In an ironic twist on the numbers Gary McIntosh suggests in a blog post from June 14, 2013 that long pastoral tenure may hurt a church. His observation, based on several interviews with pastors who stayed for 25 years or more, was summarized as “The first ten years were great; the second ten years were good; I should have left in year twenty!”
This cycle is rather normal, since pastors come with a vision for the future but over time there is a natural tendency to focus more on the relationships within the church rather than those outside it. Further, pastors come to a church with a briefcase full of ideas but over time these ideas may run their course. Thus a wise pastor must reinvent himself every 7-10 years to remain effective in his leadership.

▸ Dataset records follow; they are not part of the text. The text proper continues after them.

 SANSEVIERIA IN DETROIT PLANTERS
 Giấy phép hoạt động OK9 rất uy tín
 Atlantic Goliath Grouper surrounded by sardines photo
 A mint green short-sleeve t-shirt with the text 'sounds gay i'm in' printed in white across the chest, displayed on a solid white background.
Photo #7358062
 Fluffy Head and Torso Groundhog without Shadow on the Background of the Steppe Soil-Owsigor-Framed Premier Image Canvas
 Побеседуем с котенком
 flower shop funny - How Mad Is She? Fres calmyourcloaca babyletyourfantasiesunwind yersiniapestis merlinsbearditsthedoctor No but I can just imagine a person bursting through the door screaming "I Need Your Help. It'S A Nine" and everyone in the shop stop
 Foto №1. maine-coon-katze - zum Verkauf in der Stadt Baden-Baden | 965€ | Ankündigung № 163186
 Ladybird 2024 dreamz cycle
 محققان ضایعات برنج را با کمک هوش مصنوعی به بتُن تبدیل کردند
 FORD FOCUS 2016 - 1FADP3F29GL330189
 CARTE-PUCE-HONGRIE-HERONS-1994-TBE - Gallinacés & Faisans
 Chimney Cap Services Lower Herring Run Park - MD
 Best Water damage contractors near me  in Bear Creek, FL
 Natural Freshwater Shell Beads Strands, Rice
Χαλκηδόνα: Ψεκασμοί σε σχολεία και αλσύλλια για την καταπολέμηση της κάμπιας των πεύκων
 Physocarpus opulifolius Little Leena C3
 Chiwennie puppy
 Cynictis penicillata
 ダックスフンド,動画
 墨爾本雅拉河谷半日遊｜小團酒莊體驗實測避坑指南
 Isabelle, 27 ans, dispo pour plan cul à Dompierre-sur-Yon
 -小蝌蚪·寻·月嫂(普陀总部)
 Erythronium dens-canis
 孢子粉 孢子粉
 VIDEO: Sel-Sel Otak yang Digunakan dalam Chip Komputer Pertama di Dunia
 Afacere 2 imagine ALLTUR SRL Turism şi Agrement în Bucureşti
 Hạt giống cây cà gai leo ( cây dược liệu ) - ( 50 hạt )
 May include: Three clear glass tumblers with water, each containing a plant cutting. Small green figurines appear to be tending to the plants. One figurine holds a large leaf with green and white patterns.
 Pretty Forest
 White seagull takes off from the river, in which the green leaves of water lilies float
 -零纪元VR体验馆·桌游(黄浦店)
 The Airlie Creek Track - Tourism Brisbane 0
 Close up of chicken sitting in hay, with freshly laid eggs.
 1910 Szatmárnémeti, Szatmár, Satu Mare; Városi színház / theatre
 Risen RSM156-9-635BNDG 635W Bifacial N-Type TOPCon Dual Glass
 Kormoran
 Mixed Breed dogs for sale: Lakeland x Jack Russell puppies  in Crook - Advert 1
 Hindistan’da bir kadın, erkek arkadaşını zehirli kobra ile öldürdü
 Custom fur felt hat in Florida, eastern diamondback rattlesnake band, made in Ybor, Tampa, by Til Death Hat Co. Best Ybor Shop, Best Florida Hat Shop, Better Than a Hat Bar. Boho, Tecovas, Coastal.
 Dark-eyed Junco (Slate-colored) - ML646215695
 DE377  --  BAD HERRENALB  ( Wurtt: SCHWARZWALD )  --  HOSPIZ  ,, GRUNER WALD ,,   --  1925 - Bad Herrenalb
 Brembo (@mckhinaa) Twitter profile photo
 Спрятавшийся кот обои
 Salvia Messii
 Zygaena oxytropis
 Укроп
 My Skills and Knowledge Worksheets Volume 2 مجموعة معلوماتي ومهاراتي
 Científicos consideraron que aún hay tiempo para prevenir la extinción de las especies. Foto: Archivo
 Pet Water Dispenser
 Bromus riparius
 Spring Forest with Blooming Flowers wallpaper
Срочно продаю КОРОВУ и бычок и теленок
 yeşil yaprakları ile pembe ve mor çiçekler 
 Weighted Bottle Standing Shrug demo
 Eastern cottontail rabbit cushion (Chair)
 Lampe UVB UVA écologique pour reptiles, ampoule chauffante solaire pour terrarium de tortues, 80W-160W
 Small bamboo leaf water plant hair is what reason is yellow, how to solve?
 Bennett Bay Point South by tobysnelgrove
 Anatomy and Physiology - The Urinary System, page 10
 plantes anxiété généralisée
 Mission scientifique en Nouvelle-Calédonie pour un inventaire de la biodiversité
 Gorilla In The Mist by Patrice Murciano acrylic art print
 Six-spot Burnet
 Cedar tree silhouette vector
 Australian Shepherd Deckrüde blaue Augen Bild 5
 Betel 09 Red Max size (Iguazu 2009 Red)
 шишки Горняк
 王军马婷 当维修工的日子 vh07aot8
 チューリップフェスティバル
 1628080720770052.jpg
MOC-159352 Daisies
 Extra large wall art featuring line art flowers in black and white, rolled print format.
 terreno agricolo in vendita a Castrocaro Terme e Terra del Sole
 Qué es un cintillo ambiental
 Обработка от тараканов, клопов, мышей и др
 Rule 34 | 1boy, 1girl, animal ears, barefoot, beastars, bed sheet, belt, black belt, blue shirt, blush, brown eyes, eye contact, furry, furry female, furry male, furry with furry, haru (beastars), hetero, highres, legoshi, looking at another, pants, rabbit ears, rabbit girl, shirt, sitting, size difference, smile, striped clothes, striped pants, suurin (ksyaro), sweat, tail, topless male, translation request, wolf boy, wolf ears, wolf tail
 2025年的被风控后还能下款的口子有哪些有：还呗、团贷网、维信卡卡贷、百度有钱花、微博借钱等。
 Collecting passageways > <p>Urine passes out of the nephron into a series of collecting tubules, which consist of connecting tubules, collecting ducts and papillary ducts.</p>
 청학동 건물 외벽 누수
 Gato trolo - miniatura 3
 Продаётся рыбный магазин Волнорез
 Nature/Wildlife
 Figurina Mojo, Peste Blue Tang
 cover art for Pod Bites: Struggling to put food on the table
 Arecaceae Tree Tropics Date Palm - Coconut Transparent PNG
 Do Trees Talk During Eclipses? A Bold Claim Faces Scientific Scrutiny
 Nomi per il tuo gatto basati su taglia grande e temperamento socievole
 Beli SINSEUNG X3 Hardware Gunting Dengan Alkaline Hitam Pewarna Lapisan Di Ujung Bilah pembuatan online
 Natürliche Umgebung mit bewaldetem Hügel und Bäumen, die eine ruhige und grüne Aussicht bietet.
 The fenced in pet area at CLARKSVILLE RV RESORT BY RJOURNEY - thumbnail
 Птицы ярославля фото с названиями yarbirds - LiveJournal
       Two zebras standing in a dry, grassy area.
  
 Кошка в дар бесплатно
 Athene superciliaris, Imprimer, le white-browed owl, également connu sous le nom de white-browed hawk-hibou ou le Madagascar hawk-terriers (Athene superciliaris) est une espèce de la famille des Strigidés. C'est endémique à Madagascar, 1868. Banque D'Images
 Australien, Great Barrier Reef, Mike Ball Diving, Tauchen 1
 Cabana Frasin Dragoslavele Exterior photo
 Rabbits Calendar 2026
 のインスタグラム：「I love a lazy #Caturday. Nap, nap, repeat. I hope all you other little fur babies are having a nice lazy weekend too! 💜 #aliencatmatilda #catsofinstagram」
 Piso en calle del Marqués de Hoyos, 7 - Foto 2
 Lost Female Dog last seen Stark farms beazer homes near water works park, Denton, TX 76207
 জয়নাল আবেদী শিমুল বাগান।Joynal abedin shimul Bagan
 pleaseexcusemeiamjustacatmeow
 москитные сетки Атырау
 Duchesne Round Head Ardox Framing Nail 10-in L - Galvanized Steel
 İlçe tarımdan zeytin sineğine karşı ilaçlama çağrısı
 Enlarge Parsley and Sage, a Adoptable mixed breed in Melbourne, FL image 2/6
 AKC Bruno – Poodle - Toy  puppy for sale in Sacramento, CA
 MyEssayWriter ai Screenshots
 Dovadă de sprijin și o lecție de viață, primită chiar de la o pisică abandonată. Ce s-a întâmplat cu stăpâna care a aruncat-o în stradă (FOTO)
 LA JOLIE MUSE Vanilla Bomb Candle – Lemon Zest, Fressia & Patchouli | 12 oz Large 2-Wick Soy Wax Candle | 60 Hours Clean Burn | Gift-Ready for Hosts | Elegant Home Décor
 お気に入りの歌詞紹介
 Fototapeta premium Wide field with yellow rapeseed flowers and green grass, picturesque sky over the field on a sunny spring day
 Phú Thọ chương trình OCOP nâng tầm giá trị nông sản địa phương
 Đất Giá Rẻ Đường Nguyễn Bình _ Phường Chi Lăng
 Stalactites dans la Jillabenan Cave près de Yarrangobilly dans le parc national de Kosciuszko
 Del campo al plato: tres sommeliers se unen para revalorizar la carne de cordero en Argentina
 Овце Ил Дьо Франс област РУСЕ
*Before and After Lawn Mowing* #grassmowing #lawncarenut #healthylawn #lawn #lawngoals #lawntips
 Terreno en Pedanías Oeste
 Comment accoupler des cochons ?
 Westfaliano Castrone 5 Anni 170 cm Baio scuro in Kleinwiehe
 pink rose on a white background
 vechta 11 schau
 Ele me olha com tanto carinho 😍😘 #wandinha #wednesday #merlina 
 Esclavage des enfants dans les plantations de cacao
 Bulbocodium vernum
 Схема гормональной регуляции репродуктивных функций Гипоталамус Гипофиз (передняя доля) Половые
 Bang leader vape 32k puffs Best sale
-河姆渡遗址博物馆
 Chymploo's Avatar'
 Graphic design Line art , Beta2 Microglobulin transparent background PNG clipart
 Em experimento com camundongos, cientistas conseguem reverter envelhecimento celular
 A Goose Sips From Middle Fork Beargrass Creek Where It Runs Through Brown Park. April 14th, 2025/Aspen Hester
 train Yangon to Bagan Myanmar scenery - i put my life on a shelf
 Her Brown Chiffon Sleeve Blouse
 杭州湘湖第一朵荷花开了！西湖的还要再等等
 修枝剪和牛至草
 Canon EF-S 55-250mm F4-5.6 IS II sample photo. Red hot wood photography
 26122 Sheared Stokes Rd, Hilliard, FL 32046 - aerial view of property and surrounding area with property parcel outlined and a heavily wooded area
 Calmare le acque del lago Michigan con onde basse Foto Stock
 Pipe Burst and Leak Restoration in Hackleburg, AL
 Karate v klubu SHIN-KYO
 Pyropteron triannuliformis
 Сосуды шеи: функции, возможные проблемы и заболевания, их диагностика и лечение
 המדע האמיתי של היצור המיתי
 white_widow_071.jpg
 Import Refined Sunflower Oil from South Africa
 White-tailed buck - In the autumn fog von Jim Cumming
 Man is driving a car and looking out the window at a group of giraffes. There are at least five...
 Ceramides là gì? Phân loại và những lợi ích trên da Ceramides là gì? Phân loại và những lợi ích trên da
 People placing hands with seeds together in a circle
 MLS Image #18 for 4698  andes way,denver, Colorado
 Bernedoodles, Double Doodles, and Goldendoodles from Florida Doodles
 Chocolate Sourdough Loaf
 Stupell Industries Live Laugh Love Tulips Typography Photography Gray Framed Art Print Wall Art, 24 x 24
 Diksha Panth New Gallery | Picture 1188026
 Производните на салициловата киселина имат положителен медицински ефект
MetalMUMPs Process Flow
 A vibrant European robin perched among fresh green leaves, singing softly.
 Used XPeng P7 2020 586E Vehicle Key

At age 95 Rev. Leonard Donoho passed along the same advice given to him when he started ministry in 1943 “I was a young minister in the association and had some good brothers to advise and guide me in my ministry. The best was to ‘stay in there and preach the Word.’”
Are there keys to staying in there? Cecil Robertson, looking back over nearly 70 years of ministry, indentifies perhaps one important key to staying in there when he says “I love people because God does.” In addition to this love for people there must also be a love for the task as he goes on to say, “I love preaching, seeing souls saved, and all that goes with ministry.”
James Black, with more than 60 years in ministry, remarked about starting over again, “My goal would be to have longer pastorates.” To accomplish that he suggests, “I would rearrange my priorities. My priorities were God first, then ministry, then family. If I could go back, my priorities would be God first, family next, then ministry.”